In December I finished teaching a course on classical myth and literature for undergraduates. We read a variety of texts and from a variety of time periods. Among the works we studied were The Odyssey; Sophocles’s remarkable play Antigone; Ovid’s setting of the Greek myths, Metamorphoses; another work treating metaphorical and spiritual transformation, Apuleius’ The Golden Ass; the Meditations of Marcus Aurelius; and two works treating the matter of Dionysus— but from wildly different perspectives—Euripides’ tragedy The Bacchae and Aristophanes’ wickedly funny Frogs.

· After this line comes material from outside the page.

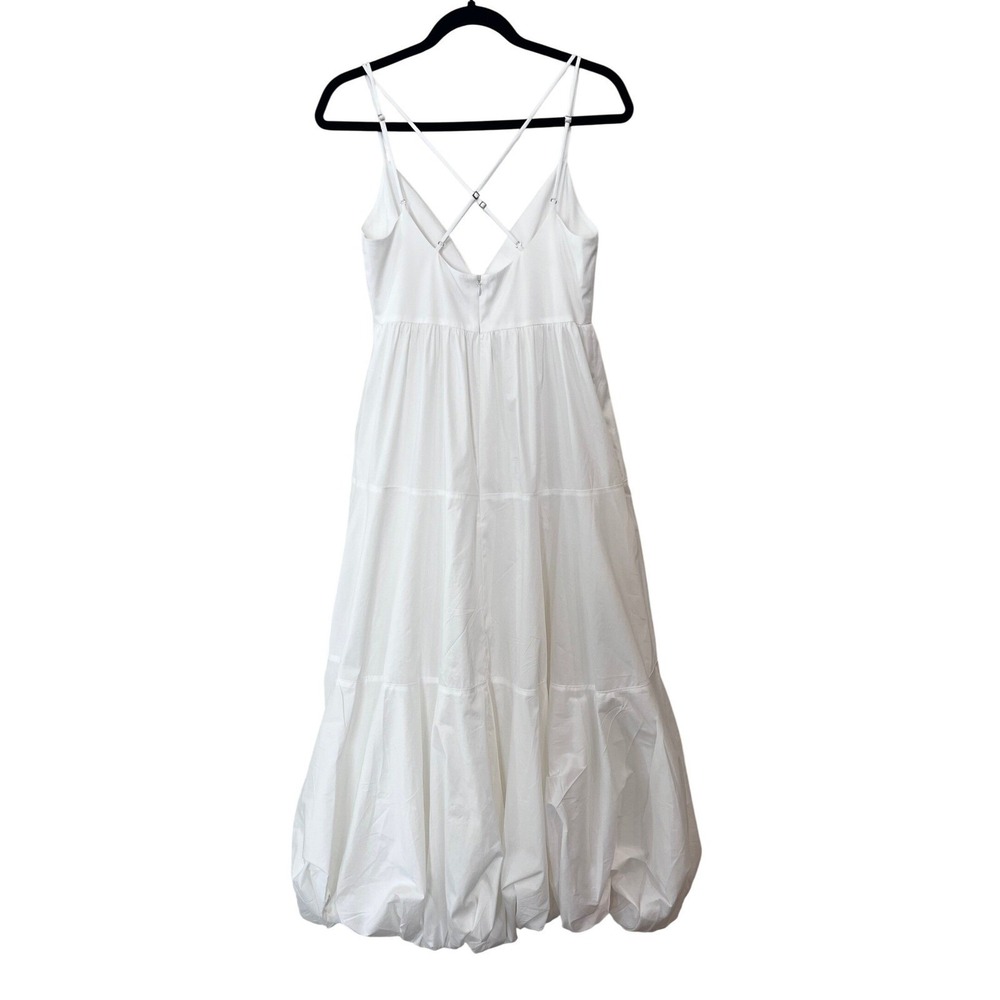 Cinq a Sept Effie White Bubble Hem Midi Dress Cotton V-Neck Cross Back Size 6 - Picture 4 of 11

The thing that most struck me this time is that all of these works—epic, lyric poetry, tragedy, comedy, meditation—speak directly to the unpredictable dynamics between gods and men and to the duty incumbent upon the earthbound to have a proper relationship to the gods. Odysseus, for instance, in addition to his goal of returning home and restoring the integrity of his family, strives throughout Homer’s text to likewise restore the integrity of his relationship to the gods. Often he sacrifices animals to the undying ones, pours libations of wine and makes gifts of oil to accompany his prayers. In Antigone, for another example, the title character, the daughter of the tragic king Oedipus, sacrifices her life in order to not compromise her responsibilities to her dead brother, arguing that her allegiance to the gods and their decrees concerning burial of kin supersedes her responsibilities to the State—even when the Head-of-State is also a kinsman. Indeed, all of the works we studied last semester could be interpreted as imaginative documents delineating the relationship of humanity to divinity.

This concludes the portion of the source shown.